(Caption-style text data)
####
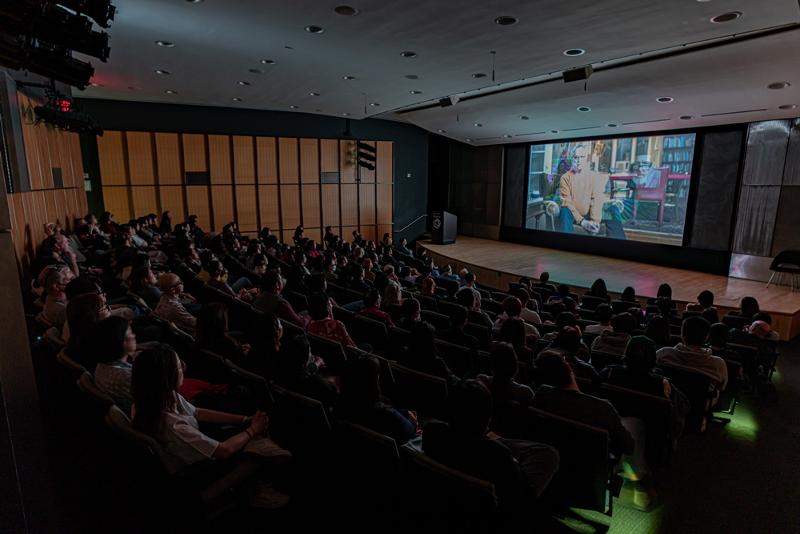 El 11 de abril (hora local), se lleva a cabo una proyección del documental 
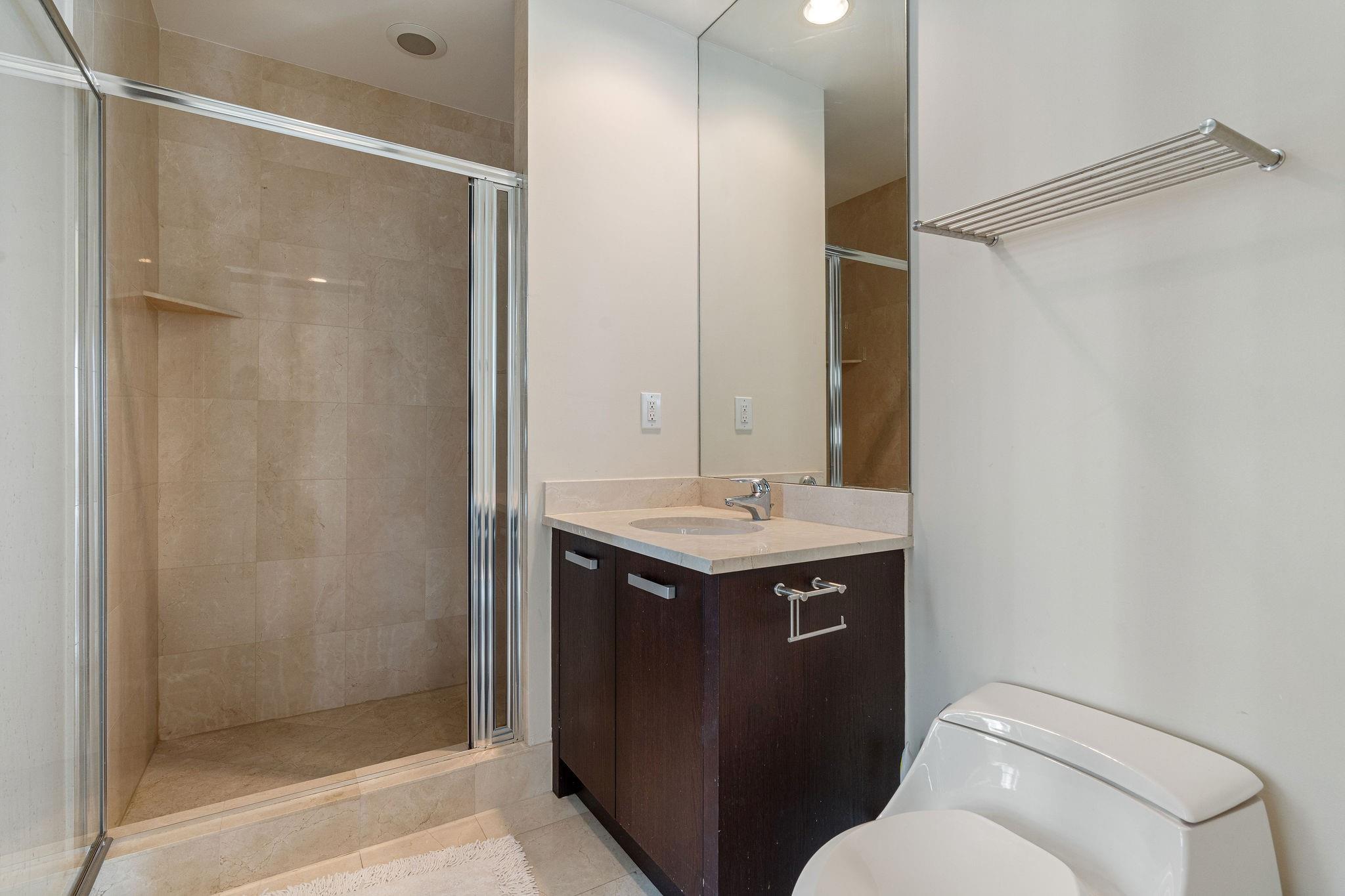 image Trump Palace Condo28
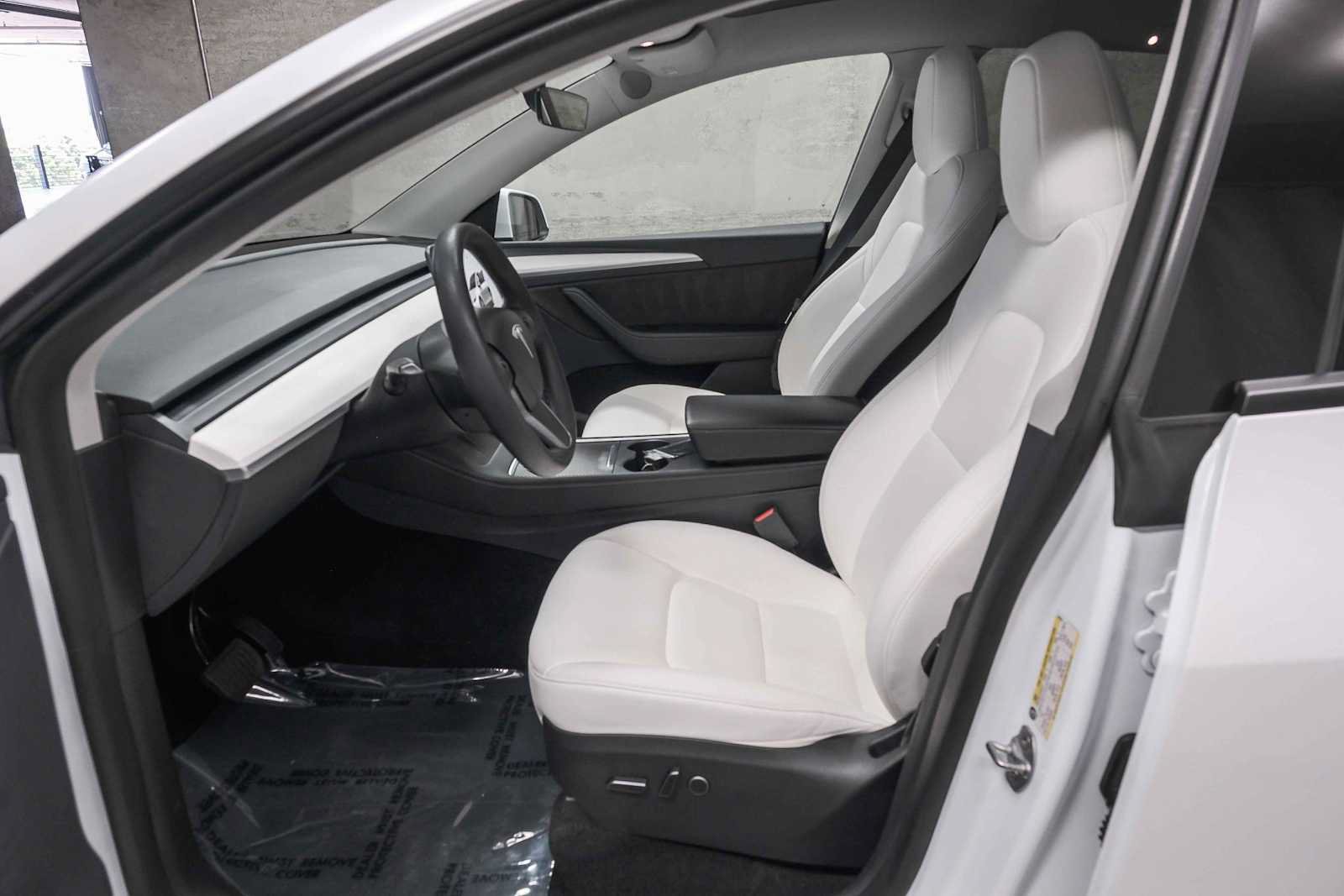 Used 2023 Tesla Model Y AWD image 22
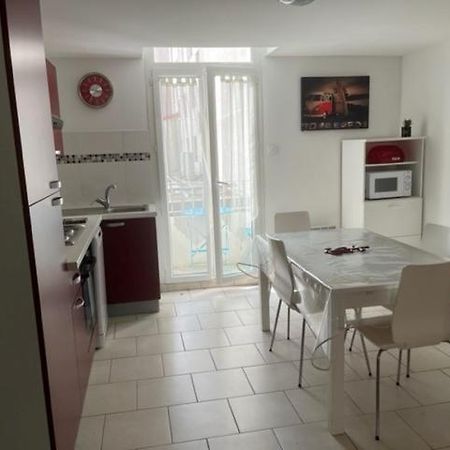 Villa Magali - Appartement Climatise T3 Duplex - Grau-Du-Roi - Hypercentre 20 M De La Plage เลอ โกร-ดู-รัว ภายนอก รูปภาพ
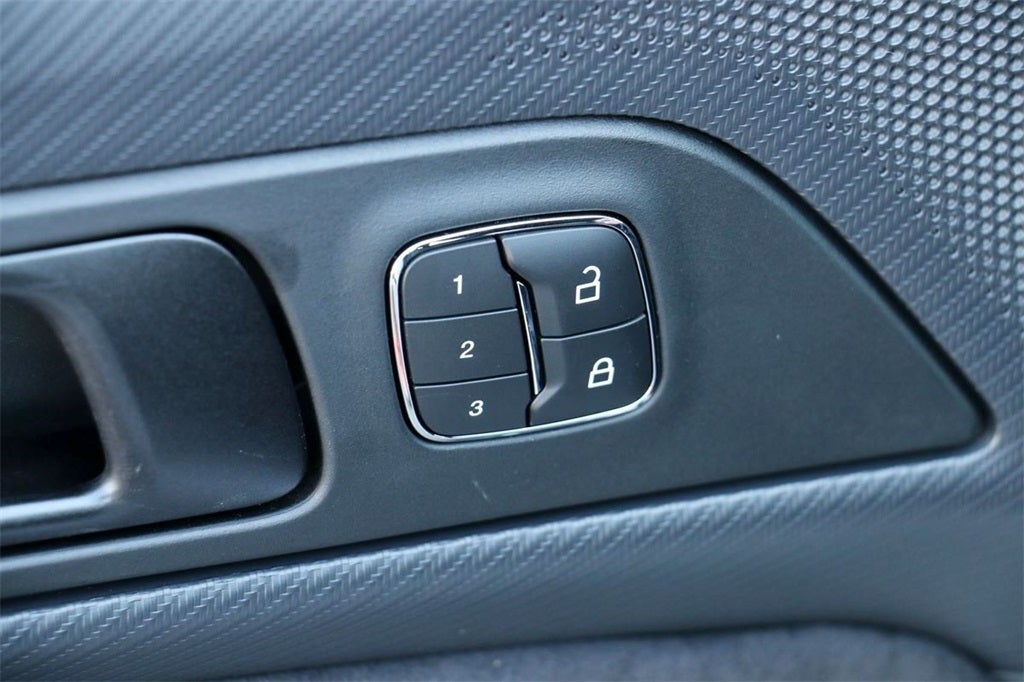 2025 Ford Mustang Dark Horse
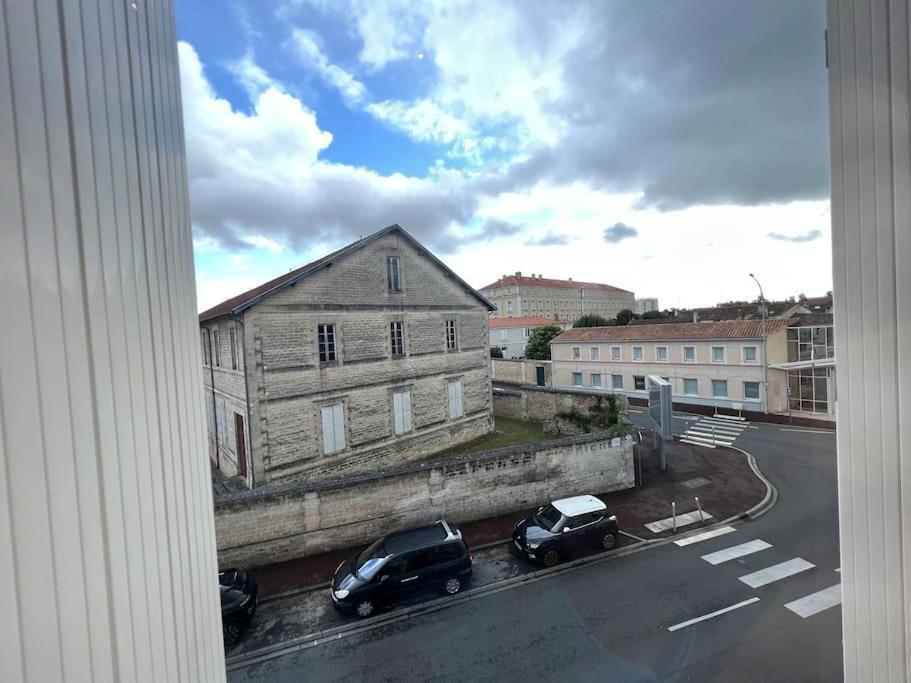 Superbe Studio Centre Ville * Clim * Wifi * Haut De Gamme * Angoulême Exteriör bild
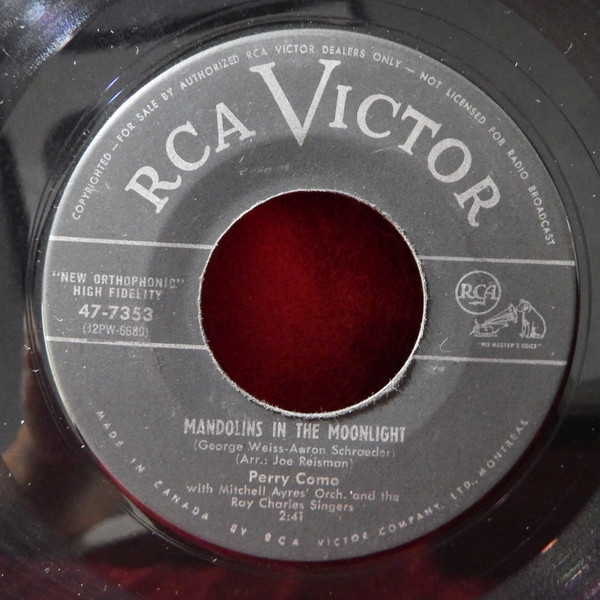Perry Como With Mitchell Ayres And His Orchestra And The Ray Charles Singers - Love Makes The World Go 'Round (7", Single) (Near Mint (NM or M-)) - Image 2
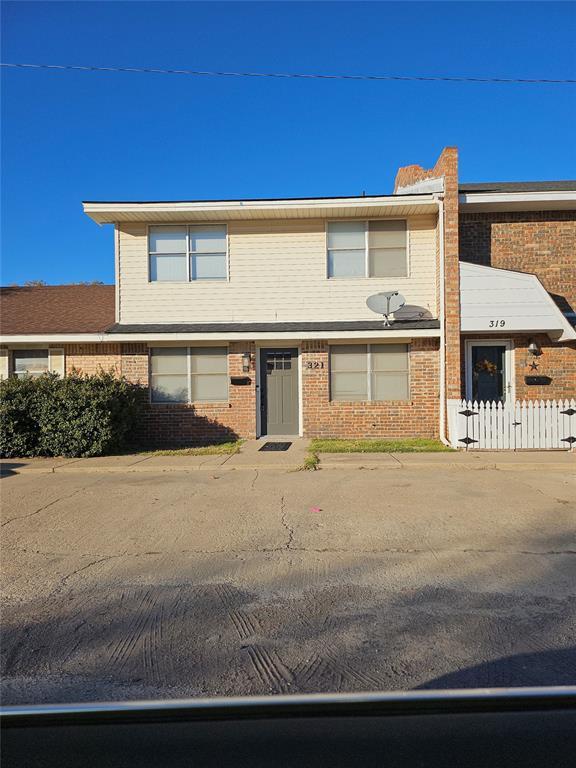 321 W 4th St, Hobart, OK 73651 - multi unit property with brick siding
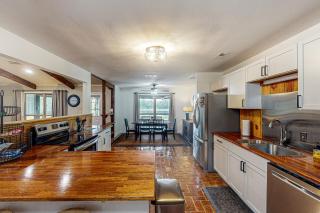 30-Acre Oasis w/ Private Pond Near Big Creek Lake - 6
####
ACTIVITY ▸
Only the lines from the one with "Superbe Studio Centre" through the last line above belong in the answer. Reproduce them exactly, without the pictures.

RESULT OF THE TASK ▸
 Superbe Studio Centre Ville * Clim * Wifi * Haut De Gamme * Angoulême Exteriör bild
Perry Como With Mitchell Ayres And His Orchestra And The Ray Charles Singers - Love Makes The World Go 'Round (7", Single) (Near Mint (NM or M-)) - Image 2
 321 W 4th St, Hobart, OK 73651 - multi unit property with brick siding
 30-Acre Oasis w/ Private Pond Near Big Creek Lake - 6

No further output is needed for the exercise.